[Problem to work on]
Exactly as written, output each of the lines below, with no images.

*** Source material ***

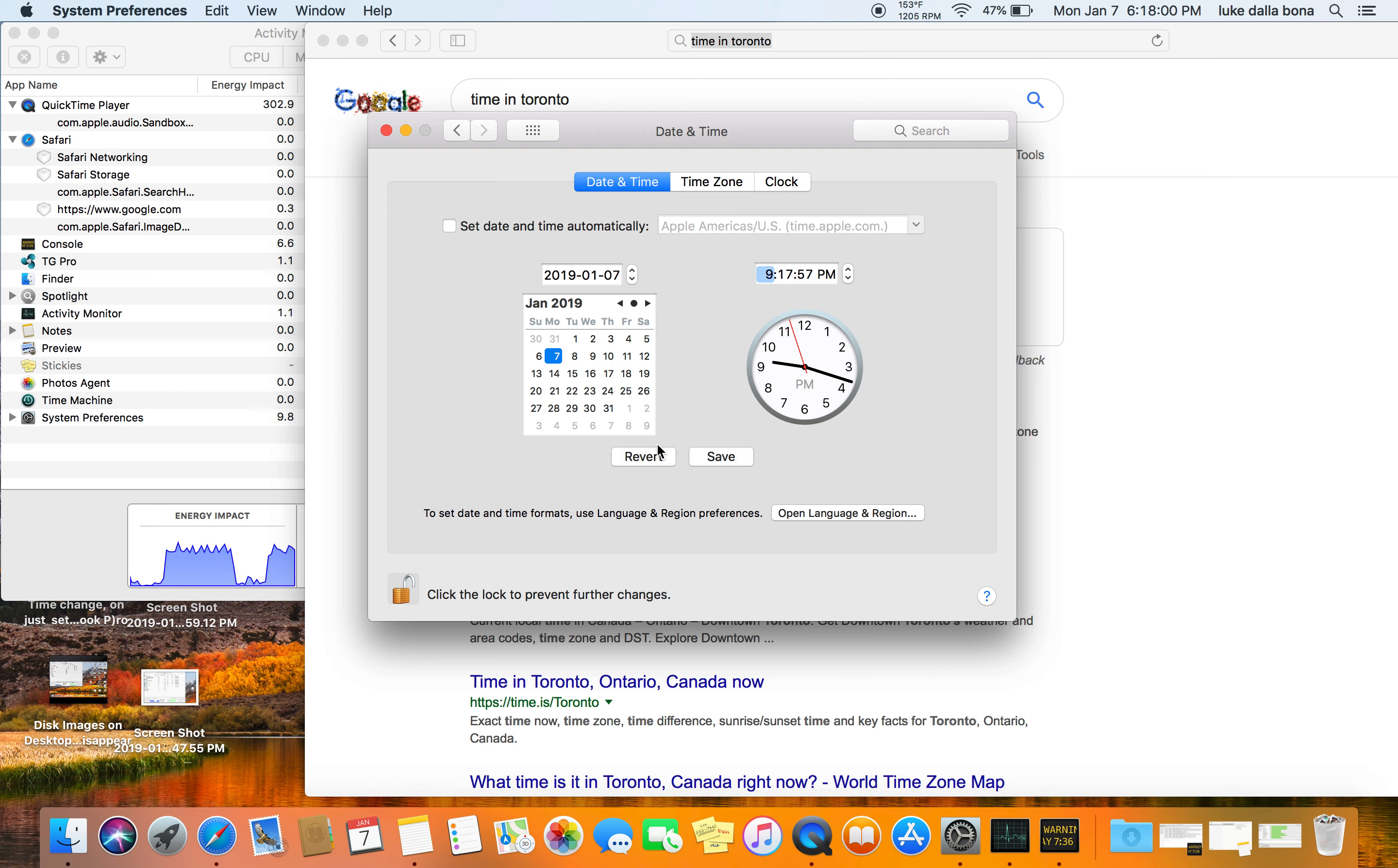That's the correct time. It always goes back 3 hours. Save, Lock. Alright.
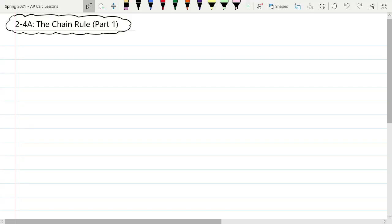Welcome to lesson 2.4 part A, the chain rule part one. The chain rule is not so much a rule like finding the derivative of a sine or cosine function. It's a rule in terms of how you handle particular types of functions. The chain rule is intended to help us find the derivative of what's called a composition of functions. Most functions you'll encounter in this course will likely be some sort of composition, so the chain rule turns out to be one of the most crucial derivative rules.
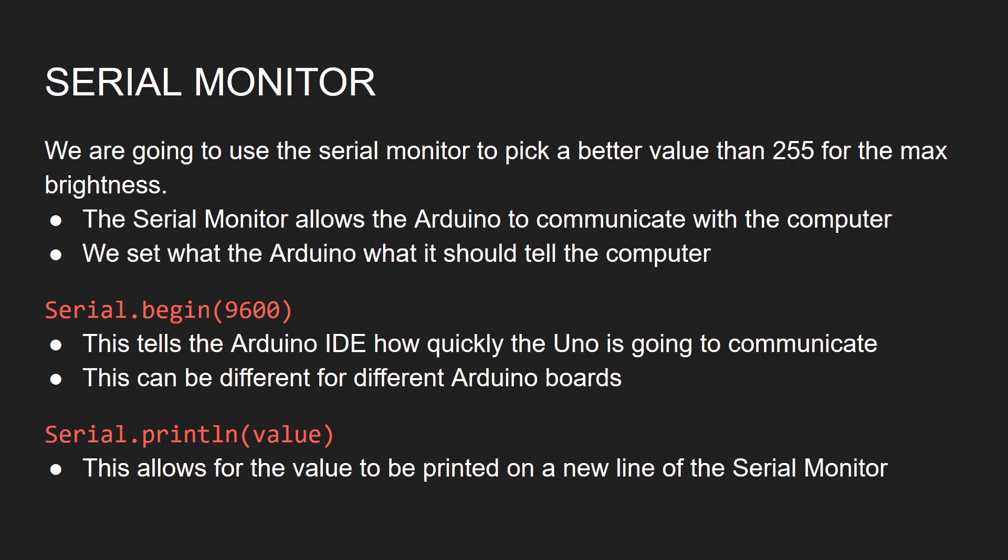The serial monitor allows the Arduino to communicate with the computer using serial communication. We're going to need two main pieces of code to do that. Serial.begin which will allow us to set the rate at which communication will happen. The Arduino unit is going to use 9600 as a communication rate. If you set this to a different value you'll get absolute incomprehensible garbage so make sure it is 9600. If you're using a different board you'll have to find out the value for that board. We're also going to use serial println which is going to allow us to print a value onto the next line of the serial monitor. Now we can jump back into Arduino and introduce those things.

*** End of Source material ***

[Answer to this exercise]
That's the correct time. It always goes back 3 hours. Save, Lock. Alright.
Welcome to lesson 2.4 part A, the chain rule part one. The chain rule is not so much a rule like finding the derivative of a sine or cosine function. It's a rule in terms of how you handle particular types of functions. The chain rule is intended to help us find the derivative of what's called a composition of functions. Most functions you'll encounter in this course will likely be some sort of composition, so the chain rule turns out to be one of the most crucial derivative rules.
The serial monitor allows the Arduino to communicate with the computer using serial communication. We're going to need two main pieces of code to do that. Serial.begin which will allow us to set the rate at which communication will happen. The Arduino unit is going to use 9600 as a communication rate. If you set this to a different value you'll get absolute incomprehensible garbage so make sure it is 9600. If you're using a different board you'll have to find out the value for that board. We're also going to use serial println which is going to allow us to print a value onto the next line of the serial monitor. Now we can jump back into Arduino and introduce those things.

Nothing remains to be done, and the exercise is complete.